Please restate word for word each line from the one containing "Los Angeles Chargers" to the last line of the records below, and drop the pictures.

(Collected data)
━━━━━━

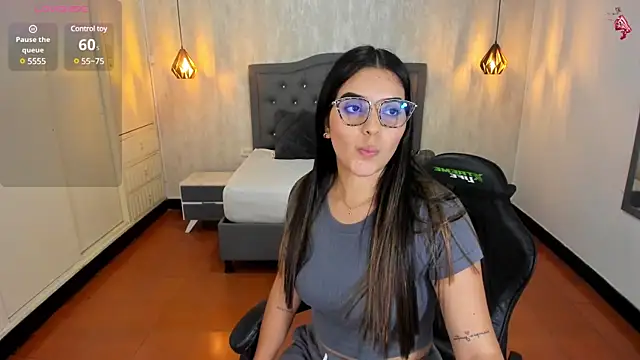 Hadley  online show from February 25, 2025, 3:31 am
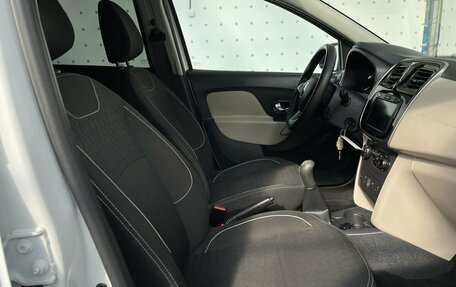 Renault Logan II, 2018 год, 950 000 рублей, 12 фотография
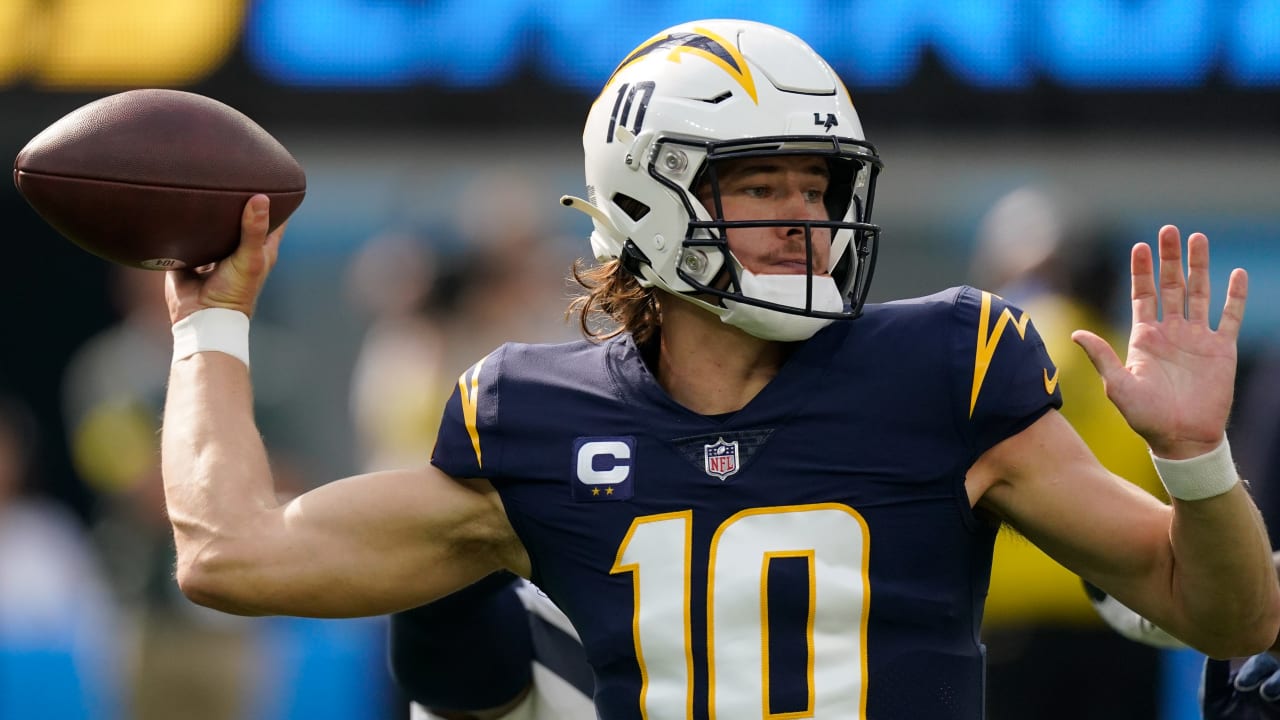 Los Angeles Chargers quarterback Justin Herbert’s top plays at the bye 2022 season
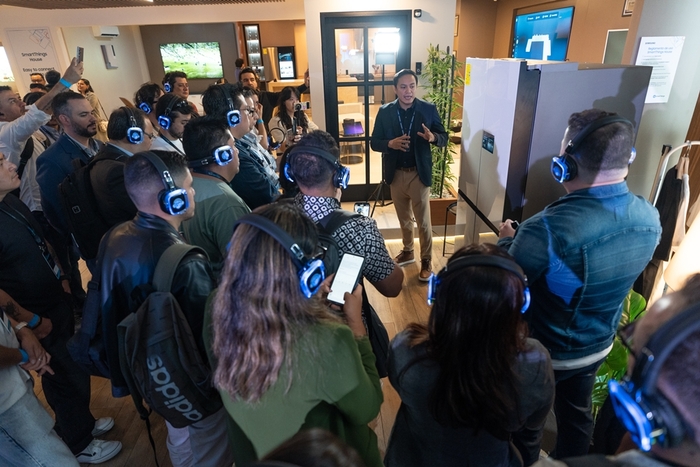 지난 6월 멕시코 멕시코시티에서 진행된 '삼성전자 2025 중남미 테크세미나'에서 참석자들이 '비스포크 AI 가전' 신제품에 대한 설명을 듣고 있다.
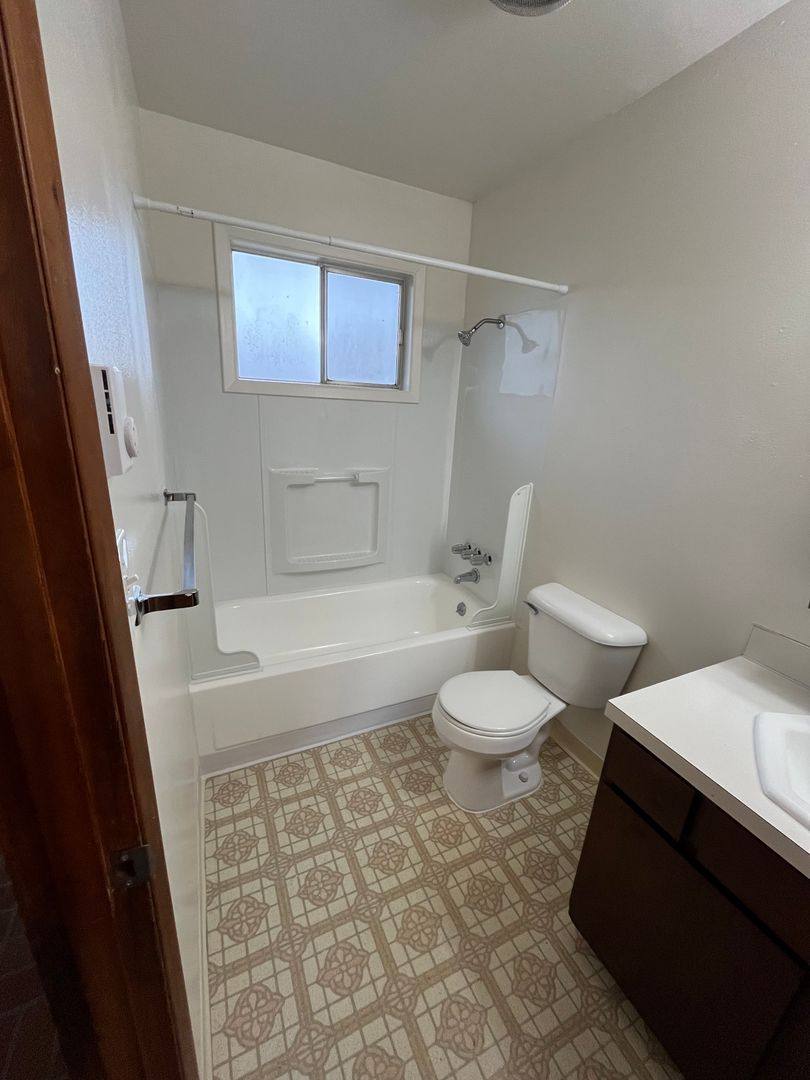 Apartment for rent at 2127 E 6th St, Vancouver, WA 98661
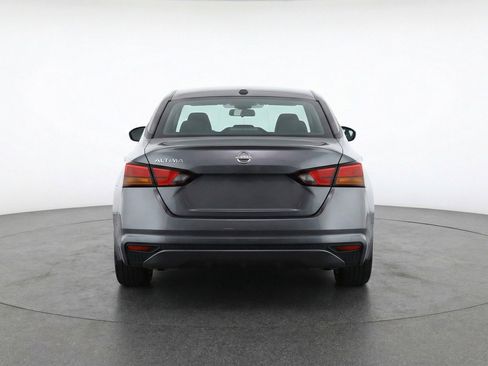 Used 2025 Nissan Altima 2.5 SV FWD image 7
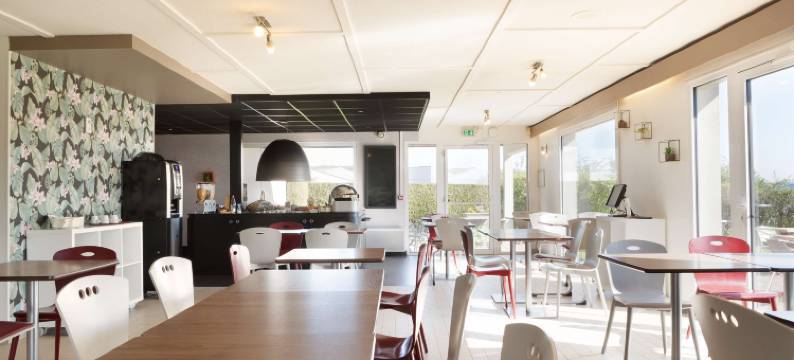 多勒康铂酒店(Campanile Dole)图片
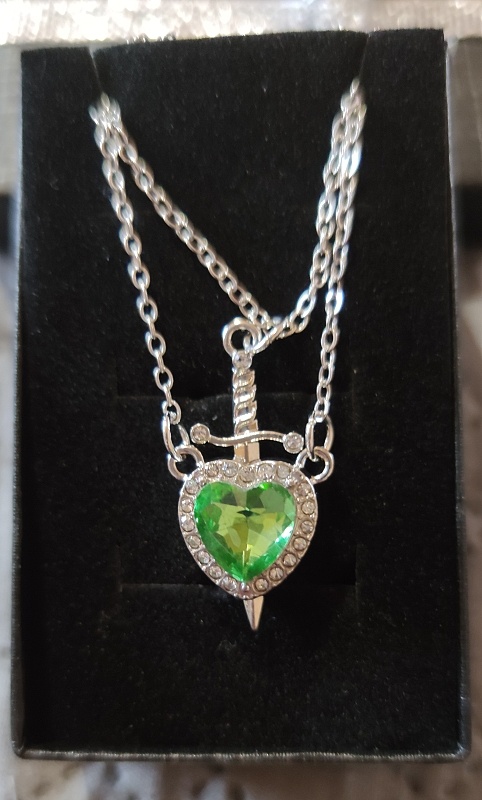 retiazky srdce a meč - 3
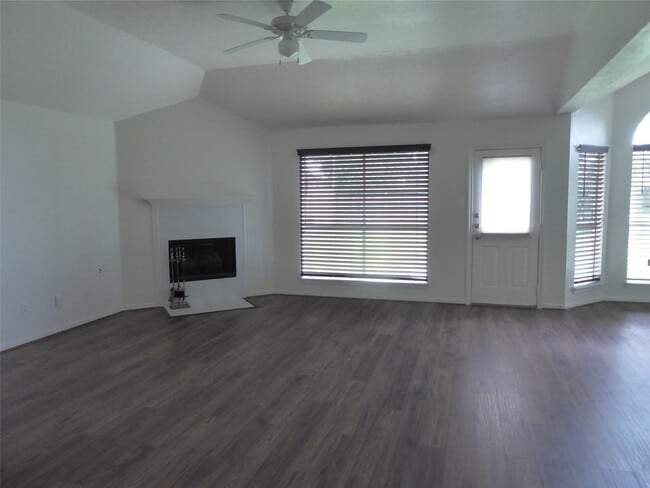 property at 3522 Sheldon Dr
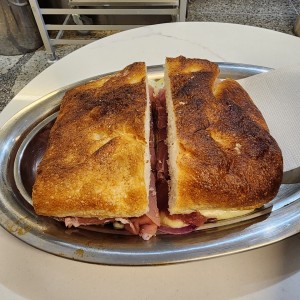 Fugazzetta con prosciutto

━━━━━━

» Response to this exercise:
 Los Angeles Chargers quarterback Justin Herbert’s top plays at the bye 2022 season
 지난 6월 멕시코 멕시코시티에서 진행된 '삼성전자 2025 중남미 테크세미나'에서 참석자들이 '비스포크 AI 가전' 신제품에 대한 설명을 듣고 있다.
 Apartment for rent at 2127 E 6th St, Vancouver, WA 98661
 Used 2025 Nissan Altima 2.5 SV FWD image 7
 多勒康铂酒店(Campanile Dole)图片
 retiazky srdce a meč - 3
 property at 3522 Sheldon Dr
 Fugazzetta con prosciutto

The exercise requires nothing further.